2.      Adanya suatu penjabaran logis atau deduksi yang dimaksudkan untuk memberikan pembuktian seketat mungkin mengenai lain-lain segi dari seluruh sisa bidang pengetahuan berdasarkan apa yang dianggap sebagai kebenaran yang hakiki tersebut.
Tokoh-tokohnya yaitu Descartes, Spinoza, dan Leibniz. Salah satu yang akan dibahas adalah Descrates (1598-1650) yang juga pendiri filsafat modern. Karena, usahanya mencari metode dalam seluruh cabang penyelidikan manusia, dalam filsafat ia memperkenalkan penelitian dan konsep dalam filsafat yang menjadi prinsip dasar dalam perkembangan filsafat modern. Descrates memulai metodenya dengan meragukan segala macam pernyataan, kecuali pada satu pernyataan saja. Ia bisa saja meragukan banyak hal tapi satu hal yang tidak mungkin diragukan adalah kegiatan meragu-ragukan itu sendiri. Maka ia sampai pada kebenaran yang tak terbantahkan yaitu, "cogito ergo sum, saya berpikir jadi saya ada" anggapan kokoh yang tidak terbantahkan oleh kaum skeptik. Dan diterima sebagai prinsip pertama filsafat.

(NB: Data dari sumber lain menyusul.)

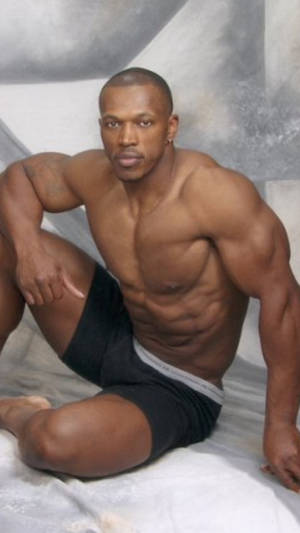 black muscular - JustUsBoys.com Forum - Hot topics and gay porn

            Bagi Descrates, cogito ergo sum itu terang dan jelas, sesuatu yang telah terang dan jelas dalam akal pikiran tidak perlu dibuktikan dan dapat dipakai sebagai dasar. Segenap ilmu pengetahuan harusnya didasarkan pada kepastian kebenaran yang tidak diragukan kembali oleh akal pikiran manusia. Metode ini disebut juga "a priori" secara harfiah berarti hal-hal yang mendahului. Dengan metode ini kita seakan mengetahui secara pasti, meski kita belum mempunyai pengalaman inderawi mengenai hal itu.
            Descrates adalah tokoh yang mencoba menemukan metode deduktif. Dalam metode deduktif sarana yang digunakan untuk mengumpulkan ilmu pengetahuan adalah akal. Atau dalam filsafat disebut rasional (penalaran).

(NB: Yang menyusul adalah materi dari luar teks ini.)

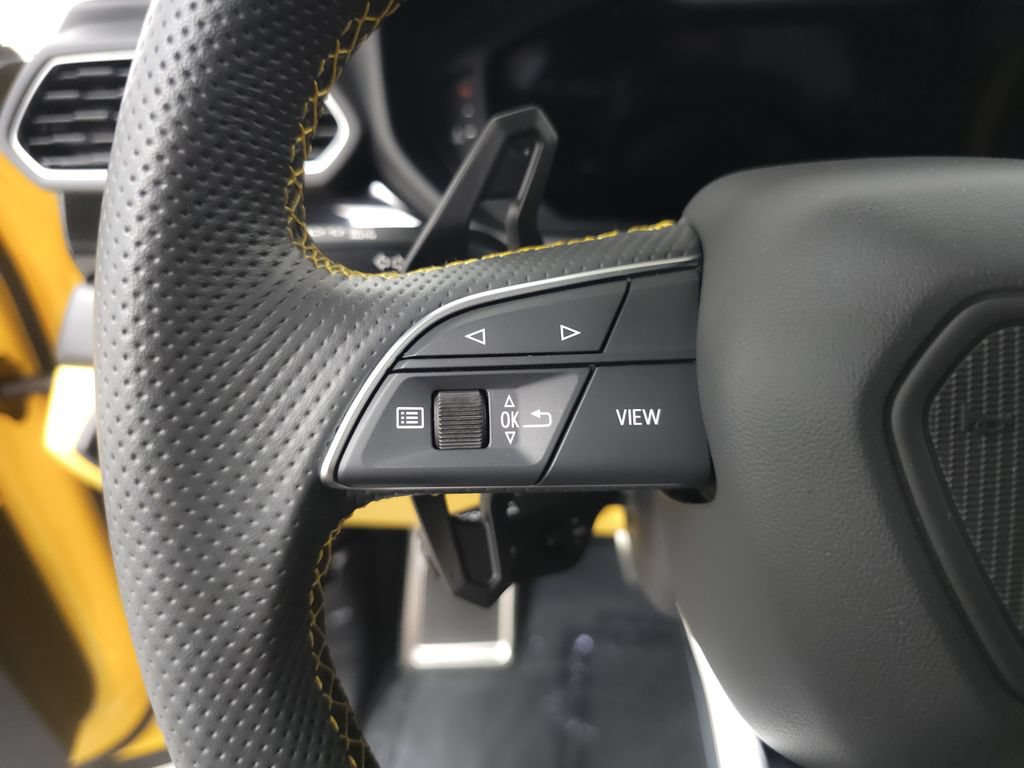 Used 2024 Lamborghini Urus S AWD/4WD image 13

            Kedua, Empirisme. Aliran ini menolak metode aliran rasionalisme "a priori". Menurut aliran Empirisme metode ilmu pengetahuan bukanlah "a priori" melainkan "a posteriori" yaitu metode yag berdasarkan pada hal-hal yang datang atau terjadinya atau kemudian. Bagi penganut empirisme sumber pengetahuan yang memadai adalah pengalaman, baik pengalaman batin (menyangkut pribadi manusia) maupun pengalaman lahir (menyangkut dunia). Sedangkan akal hanya berfungsi sebagai mengatur dan mengolah bahan yang diperoleh melalui pengalaman. Menurut aliran ini, manusia tidak punya idea bawaan. Manusia ibarat kertas putih yang belum terisi apa-apa dan baru terisi oleh pengalaman.
            Aliran empirisme mulai berkembang pada abad ke-15 dan Francis Bacon sebagai pelopornya. Bacon memperkenalkan metode eksperimen, menurutnya, manusia melalui pengalaman dapat mengetahui benda-benda dan hukum relasi benda. Ia memberikan sejumlah petunjuk agar seorang ilmuwan hati-hati terhadap idola:
  1. Idola tribus – menarik kesimpulan secara terburu-buru.
  2. Idola specus – menarik kesimpulan dengan seleranya.
  3. Idola fori – menarik kesimpulan berdasarkan pendapat orang banyak.
  4. Idola theatrimenarik kesimpulan berdasarkan pendapat ilmuwan sebelumnya.
Paham empirisme ini dikembangkan oleh David Hume (1611-1776), yang menegaskan bahwa sumber satu-satunya mencari pengetahuan adalah pengalaman, ia juga menolak "a priori".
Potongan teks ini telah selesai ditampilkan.